The most popular gifts-of-choice for that special someone around this time of year are candy, greeting cards, and flowers. The turn towards a commercialized Valentine’s day can be largely attributed to Esther A Howland, a successful 19th century stationary business owner. Her cards popularized the lacey, delicate, and thoughtful Valentine’s cards that we know today. The popularity of her beautiful, lacey, delicate cards shifted the general public away from handwritten cards and towards buying crafted ones. 

 

While Howland capitalized off of loved ones sending messages to one another, the commercialization of Valentine’s Day didn’t stop there. Chocolatiers began placing cupid’s bows on their boxes along with a decoration of hearts while florists arranged rose bouquets, both of which tend to come with sentimental cards as well. All three of these things can now be seen sold at most merchandise stores as soon as the new year has started. 

 

According to the National Retail Federation, 2023 led to around 25.9 billion dollars spent by consumers for Valentine’s Day and consumers continue to increase their purchases during the season of love as years pass.
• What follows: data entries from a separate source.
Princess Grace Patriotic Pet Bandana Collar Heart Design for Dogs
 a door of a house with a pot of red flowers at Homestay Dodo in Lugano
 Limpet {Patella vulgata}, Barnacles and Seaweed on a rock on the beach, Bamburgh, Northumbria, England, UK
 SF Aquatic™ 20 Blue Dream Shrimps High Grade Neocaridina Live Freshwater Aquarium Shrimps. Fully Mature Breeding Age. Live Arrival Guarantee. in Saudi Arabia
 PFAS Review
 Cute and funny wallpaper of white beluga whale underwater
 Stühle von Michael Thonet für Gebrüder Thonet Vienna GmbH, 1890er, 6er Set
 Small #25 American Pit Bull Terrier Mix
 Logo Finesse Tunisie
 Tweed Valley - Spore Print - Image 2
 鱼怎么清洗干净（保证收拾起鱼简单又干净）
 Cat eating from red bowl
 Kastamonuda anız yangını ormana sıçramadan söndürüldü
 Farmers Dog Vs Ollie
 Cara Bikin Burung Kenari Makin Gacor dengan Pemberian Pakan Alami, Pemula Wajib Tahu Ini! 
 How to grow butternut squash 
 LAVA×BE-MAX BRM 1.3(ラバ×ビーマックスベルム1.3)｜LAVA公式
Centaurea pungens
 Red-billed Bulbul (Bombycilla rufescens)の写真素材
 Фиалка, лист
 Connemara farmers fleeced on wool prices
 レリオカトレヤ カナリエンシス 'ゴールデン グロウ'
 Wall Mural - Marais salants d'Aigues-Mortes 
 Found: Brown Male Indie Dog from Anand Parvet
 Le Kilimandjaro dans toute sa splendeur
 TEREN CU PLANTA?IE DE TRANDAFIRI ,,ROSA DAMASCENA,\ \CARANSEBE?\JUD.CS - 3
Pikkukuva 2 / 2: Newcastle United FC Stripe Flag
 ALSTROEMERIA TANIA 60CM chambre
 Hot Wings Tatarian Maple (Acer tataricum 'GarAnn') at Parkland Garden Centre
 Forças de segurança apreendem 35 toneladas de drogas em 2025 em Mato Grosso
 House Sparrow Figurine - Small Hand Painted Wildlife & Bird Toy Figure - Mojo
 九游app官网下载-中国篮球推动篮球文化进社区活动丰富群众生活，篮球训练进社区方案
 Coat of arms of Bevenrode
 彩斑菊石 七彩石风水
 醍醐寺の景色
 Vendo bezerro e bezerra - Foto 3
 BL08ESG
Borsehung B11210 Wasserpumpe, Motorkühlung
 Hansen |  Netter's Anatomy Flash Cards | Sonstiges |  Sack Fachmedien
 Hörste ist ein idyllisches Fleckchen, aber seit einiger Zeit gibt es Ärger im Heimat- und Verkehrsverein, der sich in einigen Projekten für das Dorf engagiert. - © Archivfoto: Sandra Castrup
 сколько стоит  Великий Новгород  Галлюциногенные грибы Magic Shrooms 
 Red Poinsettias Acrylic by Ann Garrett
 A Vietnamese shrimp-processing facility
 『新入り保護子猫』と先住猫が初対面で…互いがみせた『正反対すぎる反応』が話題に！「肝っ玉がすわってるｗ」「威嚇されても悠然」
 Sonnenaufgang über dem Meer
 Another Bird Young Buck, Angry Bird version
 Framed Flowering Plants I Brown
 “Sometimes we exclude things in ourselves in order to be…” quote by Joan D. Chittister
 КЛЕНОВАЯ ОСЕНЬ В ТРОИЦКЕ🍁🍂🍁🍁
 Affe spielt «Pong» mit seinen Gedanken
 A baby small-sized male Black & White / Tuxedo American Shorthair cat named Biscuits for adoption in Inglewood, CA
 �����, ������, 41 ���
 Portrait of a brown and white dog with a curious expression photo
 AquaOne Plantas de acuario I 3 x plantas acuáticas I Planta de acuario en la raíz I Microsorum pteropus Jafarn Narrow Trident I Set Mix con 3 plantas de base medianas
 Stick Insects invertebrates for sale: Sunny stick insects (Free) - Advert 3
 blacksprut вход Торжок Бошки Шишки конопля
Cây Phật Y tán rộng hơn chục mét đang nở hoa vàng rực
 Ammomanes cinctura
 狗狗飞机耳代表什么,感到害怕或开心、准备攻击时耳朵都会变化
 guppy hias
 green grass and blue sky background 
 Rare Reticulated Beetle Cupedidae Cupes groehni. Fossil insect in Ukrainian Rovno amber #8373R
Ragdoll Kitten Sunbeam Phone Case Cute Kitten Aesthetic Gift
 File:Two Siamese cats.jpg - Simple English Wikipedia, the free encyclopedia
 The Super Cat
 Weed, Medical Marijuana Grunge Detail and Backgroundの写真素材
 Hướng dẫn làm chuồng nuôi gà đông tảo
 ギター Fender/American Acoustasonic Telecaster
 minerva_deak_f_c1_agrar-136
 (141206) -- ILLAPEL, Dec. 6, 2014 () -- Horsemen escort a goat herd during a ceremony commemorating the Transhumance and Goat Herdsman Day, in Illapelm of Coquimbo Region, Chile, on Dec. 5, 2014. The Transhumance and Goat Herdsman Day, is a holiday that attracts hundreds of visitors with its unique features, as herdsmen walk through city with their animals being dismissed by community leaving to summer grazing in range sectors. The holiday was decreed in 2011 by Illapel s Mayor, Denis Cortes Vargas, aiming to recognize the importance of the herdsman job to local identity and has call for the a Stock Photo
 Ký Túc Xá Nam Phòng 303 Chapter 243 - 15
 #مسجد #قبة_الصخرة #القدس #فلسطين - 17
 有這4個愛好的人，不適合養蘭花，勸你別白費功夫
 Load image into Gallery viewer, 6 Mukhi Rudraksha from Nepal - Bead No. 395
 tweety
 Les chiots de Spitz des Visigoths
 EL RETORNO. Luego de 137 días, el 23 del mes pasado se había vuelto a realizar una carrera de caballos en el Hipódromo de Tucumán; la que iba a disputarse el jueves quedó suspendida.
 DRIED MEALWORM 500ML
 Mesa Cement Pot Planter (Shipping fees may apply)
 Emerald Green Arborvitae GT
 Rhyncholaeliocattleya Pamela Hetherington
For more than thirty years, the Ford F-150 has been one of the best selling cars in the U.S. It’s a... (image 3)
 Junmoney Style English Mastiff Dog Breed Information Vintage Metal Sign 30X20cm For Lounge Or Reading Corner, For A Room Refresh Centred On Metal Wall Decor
This year, The NRF estimated that consumers will reach in all time high, spending approximately $101.84 per person. Retailers have increased their revenue by expanding their audience beyond couples with their “‘Galentine’s Day’ gift guides.

 

We have been fed the idea that to show our loved ones our affection and appreciation we must buy them flowers and chocolates and cards, but what makes Valentine’s Day out of all days the one to show others just how much we love them? At the end of the day, you should show your loved ones how much you love and appreciate them every single day and you don’t need to buy any of these items to do so. Don’t let the corporate Big Guys get to your head, you can pick a much more meaningful bouquet while taking a stroll down your street.